#### ACTION ITEM
Once the line with "IA license plate DDW609" is found in the entries below, print it and each following line exactly, stopping after the line with "Farol Renault Captur"; print nothing else.

#### INPUT DATA
BEGIN

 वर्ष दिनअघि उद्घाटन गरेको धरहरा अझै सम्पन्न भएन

END
BEGIN

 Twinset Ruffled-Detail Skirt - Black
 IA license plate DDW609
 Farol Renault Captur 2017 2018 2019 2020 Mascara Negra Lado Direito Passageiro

END

#### EXERCISE RESPONSE
 IA license plate DDW609
 Farol Renault Captur 2017 2018 2019 2020 Mascara Negra Lado Direito Passageiro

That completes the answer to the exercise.